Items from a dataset
===
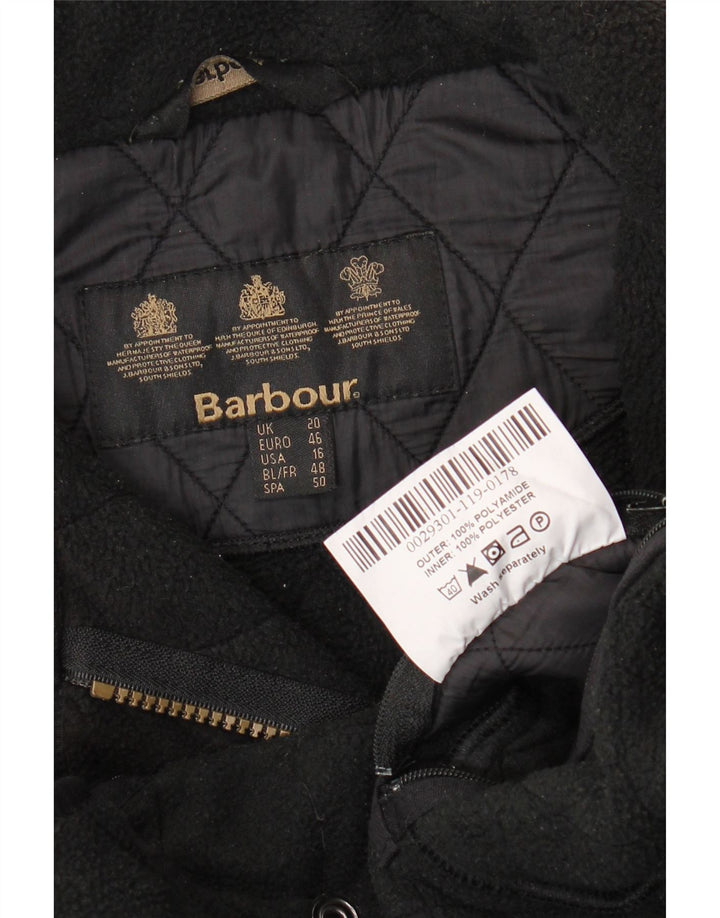 BARBOUR Ženska prošivena jakna UK 20 2XL crni poliamid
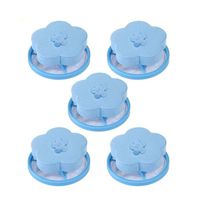 Iuhan Washing Machine Lint Filter Bag, House Household Washing Machine Lint Filter Bag Laundry Mesh Hair Catcher Reusable Floating Ball Pouch (5PC, B)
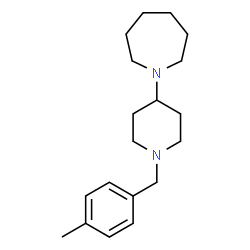 ChemSpider 2D Image | 1-[1-(4-Methylbenzyl)-4-piperidinyl]azepane | C19H30N2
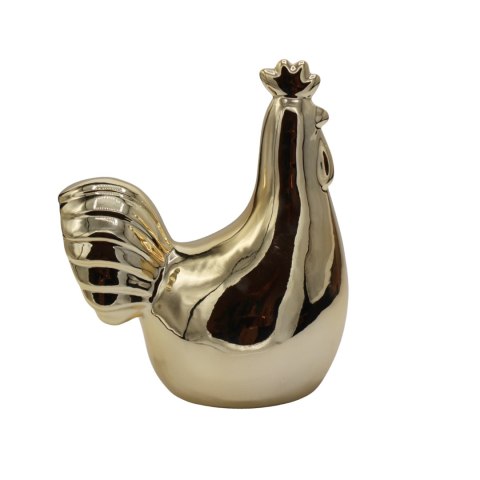 KOGUT CERAMICZNY ZŁOTY DUŻY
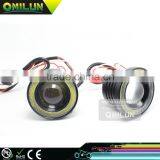 Universal COB LED FOG Light With Cob Angel Eyes for All Cars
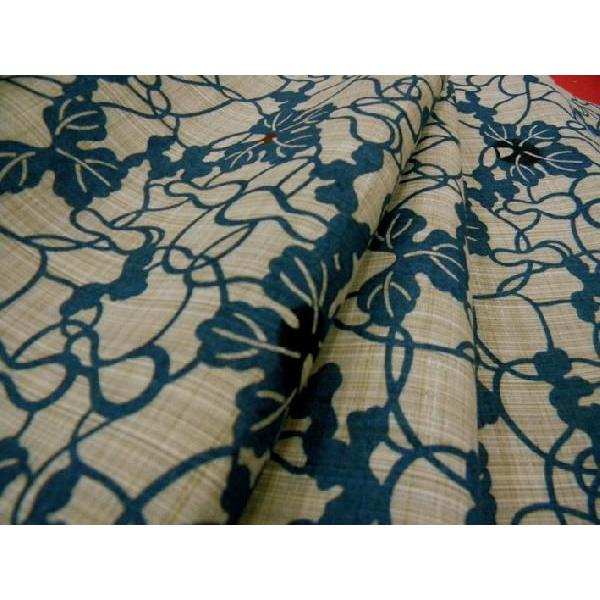 竺仙（ちくせん）奥州小紋 瓢箪5504 綿つむぎ高級浴衣反物（在庫切れ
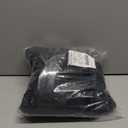 NICETOWN Pitch Black Solid Thermal Insulated Grommet Blackout Curtains/Drapes for Bedroom Window (2 Panels, 42 inches Wide by 63 inches Long, Black)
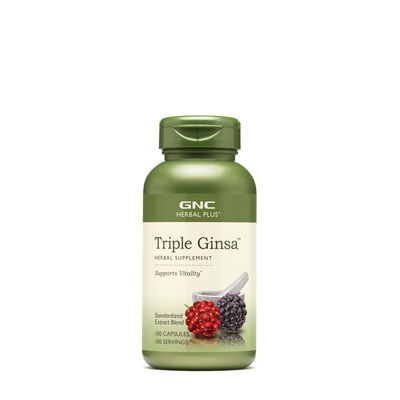 GNC Herbal Plus Triple Ginsa - 100 Capsules (100 Servings)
===
Assignment:
Because only the text is wanted, repeat all the entries exactly and leave out the pictures.

Answer area:
 BARBOUR Ženska prošivena jakna UK 20 2XL crni poliamid
 Iuhan Washing Machine Lint Filter Bag, House Household Washing Machine Lint Filter Bag Laundry Mesh Hair Catcher Reusable Floating Ball Pouch (5PC, B)
 ChemSpider 2D Image | 1-[1-(4-Methylbenzyl)-4-piperidinyl]azepane | C19H30N2
 KOGUT CERAMICZNY ZŁOTY DUŻY
 Universal COB LED FOG Light With Cob Angel Eyes for All Cars
 竺仙（ちくせん）奥州小紋 瓢箪5504 綿つむぎ高級浴衣反物（在庫切れ
 NICETOWN Pitch Black Solid Thermal Insulated Grommet Blackout Curtains/Drapes for Bedroom Window (2 Panels, 42 inches Wide by 63 inches Long, Black)
 GNC Herbal Plus Triple Ginsa - 100 Capsules (100 Servings)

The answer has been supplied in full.